§ **Items from a data source**
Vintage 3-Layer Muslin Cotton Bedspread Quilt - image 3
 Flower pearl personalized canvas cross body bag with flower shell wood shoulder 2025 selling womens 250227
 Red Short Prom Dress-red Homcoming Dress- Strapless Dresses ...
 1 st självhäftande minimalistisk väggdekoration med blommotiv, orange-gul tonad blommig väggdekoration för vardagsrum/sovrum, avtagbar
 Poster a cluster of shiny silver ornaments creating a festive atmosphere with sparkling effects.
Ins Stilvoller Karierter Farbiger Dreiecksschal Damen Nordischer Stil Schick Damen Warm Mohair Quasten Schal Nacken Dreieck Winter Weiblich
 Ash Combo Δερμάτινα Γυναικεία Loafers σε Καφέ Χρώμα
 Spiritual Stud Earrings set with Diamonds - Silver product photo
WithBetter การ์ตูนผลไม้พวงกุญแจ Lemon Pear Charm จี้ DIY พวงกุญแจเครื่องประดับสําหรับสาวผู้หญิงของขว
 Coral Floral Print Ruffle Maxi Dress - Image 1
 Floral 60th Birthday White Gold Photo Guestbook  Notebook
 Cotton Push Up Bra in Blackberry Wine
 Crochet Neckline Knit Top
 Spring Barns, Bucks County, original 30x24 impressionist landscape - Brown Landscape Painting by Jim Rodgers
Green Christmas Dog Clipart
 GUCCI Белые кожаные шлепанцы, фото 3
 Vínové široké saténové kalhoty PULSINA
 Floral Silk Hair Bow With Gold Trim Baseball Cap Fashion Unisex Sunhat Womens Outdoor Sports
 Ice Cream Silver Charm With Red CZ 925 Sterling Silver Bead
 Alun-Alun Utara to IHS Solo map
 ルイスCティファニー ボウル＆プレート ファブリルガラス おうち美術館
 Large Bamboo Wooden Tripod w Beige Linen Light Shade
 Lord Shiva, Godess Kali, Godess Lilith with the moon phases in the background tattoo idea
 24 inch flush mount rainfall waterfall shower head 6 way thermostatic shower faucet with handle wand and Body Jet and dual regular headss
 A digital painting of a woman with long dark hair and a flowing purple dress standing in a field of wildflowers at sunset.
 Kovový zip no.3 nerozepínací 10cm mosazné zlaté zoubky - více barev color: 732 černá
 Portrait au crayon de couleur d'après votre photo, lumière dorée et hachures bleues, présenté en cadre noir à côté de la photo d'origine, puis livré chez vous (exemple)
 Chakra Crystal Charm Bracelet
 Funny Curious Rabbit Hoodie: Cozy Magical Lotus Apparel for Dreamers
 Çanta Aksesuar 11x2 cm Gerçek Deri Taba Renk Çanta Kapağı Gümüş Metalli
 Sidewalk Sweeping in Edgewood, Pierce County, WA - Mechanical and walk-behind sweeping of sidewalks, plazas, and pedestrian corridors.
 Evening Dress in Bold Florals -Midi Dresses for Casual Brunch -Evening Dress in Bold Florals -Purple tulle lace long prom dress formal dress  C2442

§ **Exercise aim**
Between the first line of the entries above and the line with "Funny Curious Rabbit", both included, copy every line exactly and nothing outside that range.

§ **Answer below**
Vintage 3-Layer Muslin Cotton Bedspread Quilt - image 3
 Flower pearl personalized canvas cross body bag with flower shell wood shoulder 2025 selling womens 250227
 Red Short Prom Dress-red Homcoming Dress- Strapless Dresses ...
 1 st självhäftande minimalistisk väggdekoration med blommotiv, orange-gul tonad blommig väggdekoration för vardagsrum/sovrum, avtagbar
 Poster a cluster of shiny silver ornaments creating a festive atmosphere with sparkling effects.
Ins Stilvoller Karierter Farbiger Dreiecksschal Damen Nordischer Stil Schick Damen Warm Mohair Quasten Schal Nacken Dreieck Winter Weiblich
 Ash Combo Δερμάτινα Γυναικεία Loafers σε Καφέ Χρώμα
 Spiritual Stud Earrings set with Diamonds - Silver product photo
WithBetter การ์ตูนผลไม้พวงกุญแจ Lemon Pear Charm จี้ DIY พวงกุญแจเครื่องประดับสําหรับสาวผู้หญิงของขว
 Coral Floral Print Ruffle Maxi Dress - Image 1
 Floral 60th Birthday White Gold Photo Guestbook  Notebook
 Cotton Push Up Bra in Blackberry Wine
 Crochet Neckline Knit Top
 Spring Barns, Bucks County, original 30x24 impressionist landscape - Brown Landscape Painting by Jim Rodgers
Green Christmas Dog Clipart
 GUCCI Белые кожаные шлепанцы, фото 3
 Vínové široké saténové kalhoty PULSINA
 Floral Silk Hair Bow With Gold Trim Baseball Cap Fashion Unisex Sunhat Womens Outdoor Sports
 Ice Cream Silver Charm With Red CZ 925 Sterling Silver Bead
 Alun-Alun Utara to IHS Solo map
 ルイスCティファニー ボウル＆プレート ファブリルガラス おうち美術館
 Large Bamboo Wooden Tripod w Beige Linen Light Shade
 Lord Shiva, Godess Kali, Godess Lilith with the moon phases in the background tattoo idea
 24 inch flush mount rainfall waterfall shower head 6 way thermostatic shower faucet with handle wand and Body Jet and dual regular headss
 A digital painting of a woman with long dark hair and a flowing purple dress standing in a field of wildflowers at sunset.
 Kovový zip no.3 nerozepínací 10cm mosazné zlaté zoubky - více barev color: 732 černá
 Portrait au crayon de couleur d'après votre photo, lumière dorée et hachures bleues, présenté en cadre noir à côté de la photo d'origine, puis livré chez vous (exemple)
 Chakra Crystal Charm Bracelet
 Funny Curious Rabbit Hoodie: Cozy Magical Lotus Apparel for Dreamers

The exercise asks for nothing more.